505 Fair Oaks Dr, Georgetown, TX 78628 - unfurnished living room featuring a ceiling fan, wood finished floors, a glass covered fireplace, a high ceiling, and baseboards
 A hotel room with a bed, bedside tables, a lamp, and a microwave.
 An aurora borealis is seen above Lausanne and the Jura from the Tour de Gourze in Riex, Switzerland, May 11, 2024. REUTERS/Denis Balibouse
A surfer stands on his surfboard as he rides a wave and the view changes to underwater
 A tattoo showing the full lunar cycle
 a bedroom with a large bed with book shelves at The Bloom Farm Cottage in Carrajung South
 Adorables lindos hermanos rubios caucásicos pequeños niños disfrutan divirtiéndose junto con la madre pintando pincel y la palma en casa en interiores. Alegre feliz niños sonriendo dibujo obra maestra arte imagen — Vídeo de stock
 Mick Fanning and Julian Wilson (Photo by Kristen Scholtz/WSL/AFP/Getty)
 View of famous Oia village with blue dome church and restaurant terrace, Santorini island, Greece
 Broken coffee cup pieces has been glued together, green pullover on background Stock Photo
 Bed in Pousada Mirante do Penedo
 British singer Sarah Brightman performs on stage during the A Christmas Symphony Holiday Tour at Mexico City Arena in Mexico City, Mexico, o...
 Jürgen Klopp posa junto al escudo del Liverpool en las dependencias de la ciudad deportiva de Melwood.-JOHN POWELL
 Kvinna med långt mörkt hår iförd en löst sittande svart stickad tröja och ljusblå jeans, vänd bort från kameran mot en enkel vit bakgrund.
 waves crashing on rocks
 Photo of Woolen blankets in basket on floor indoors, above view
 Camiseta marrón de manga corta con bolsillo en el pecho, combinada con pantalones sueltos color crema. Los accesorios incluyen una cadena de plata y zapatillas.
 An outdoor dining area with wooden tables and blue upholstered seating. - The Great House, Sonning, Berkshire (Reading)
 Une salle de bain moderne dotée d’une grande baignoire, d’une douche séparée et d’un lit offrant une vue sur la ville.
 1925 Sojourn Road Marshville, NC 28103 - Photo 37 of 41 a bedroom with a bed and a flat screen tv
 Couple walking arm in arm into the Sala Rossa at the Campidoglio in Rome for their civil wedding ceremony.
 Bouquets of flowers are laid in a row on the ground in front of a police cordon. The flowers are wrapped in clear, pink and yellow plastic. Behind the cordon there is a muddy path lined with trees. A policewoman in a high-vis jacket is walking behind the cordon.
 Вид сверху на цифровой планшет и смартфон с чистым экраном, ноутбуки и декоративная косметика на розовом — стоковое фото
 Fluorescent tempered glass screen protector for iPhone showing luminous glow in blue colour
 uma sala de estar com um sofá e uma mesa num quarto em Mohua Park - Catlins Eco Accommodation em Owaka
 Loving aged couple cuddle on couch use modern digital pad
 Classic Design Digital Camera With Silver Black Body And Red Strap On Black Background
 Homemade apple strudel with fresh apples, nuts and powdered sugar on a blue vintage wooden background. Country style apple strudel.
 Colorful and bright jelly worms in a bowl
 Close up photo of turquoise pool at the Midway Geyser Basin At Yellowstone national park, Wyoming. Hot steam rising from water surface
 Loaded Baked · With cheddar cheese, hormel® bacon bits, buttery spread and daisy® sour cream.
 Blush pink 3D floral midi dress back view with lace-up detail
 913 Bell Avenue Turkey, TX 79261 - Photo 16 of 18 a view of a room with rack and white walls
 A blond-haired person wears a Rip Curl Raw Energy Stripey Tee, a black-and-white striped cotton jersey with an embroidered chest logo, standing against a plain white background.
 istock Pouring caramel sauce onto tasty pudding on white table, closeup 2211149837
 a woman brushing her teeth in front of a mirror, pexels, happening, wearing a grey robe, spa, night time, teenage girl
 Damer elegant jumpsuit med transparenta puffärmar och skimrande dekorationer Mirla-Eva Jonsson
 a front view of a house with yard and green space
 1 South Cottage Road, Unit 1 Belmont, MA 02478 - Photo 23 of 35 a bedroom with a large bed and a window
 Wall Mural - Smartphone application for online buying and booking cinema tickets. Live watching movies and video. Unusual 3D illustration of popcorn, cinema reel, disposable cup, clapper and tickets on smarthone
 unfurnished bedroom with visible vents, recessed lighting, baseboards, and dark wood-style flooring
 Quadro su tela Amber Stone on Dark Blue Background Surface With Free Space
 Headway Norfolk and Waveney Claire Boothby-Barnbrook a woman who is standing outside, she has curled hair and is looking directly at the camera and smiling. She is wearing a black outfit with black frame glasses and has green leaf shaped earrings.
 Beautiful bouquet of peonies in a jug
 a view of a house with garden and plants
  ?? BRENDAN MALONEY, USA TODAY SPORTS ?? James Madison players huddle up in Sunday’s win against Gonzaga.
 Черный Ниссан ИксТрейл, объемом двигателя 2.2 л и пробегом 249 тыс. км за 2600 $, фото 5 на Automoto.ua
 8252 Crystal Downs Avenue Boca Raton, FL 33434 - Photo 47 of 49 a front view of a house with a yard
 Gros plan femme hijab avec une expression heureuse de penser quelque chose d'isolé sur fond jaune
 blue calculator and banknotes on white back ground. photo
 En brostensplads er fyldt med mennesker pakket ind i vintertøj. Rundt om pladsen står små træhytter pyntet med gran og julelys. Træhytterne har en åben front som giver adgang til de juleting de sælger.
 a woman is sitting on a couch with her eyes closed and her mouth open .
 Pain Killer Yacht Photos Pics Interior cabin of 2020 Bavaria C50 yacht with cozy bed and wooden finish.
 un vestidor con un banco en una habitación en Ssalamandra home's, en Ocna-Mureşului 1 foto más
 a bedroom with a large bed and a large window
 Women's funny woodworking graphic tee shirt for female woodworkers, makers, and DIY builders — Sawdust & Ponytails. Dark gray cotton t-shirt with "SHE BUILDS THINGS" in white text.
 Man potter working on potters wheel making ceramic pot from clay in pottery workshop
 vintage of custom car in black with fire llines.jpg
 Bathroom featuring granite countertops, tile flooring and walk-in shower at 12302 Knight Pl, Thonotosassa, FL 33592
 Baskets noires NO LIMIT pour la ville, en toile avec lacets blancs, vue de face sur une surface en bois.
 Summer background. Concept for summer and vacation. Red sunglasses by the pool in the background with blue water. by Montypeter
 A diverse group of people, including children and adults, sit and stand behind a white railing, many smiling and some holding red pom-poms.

++++++++++

**Problem**
Please make an exact copy of the lines above from the line with "Close up photo" through the line with "Blush pink 3D", both ends included.

**Response to this exercise**
 Close up photo of turquoise pool at the Midway Geyser Basin At Yellowstone national park, Wyoming. Hot steam rising from water surface
 Loaded Baked · With cheddar cheese, hormel® bacon bits, buttery spread and daisy® sour cream.
 Blush pink 3D floral midi dress back view with lace-up detail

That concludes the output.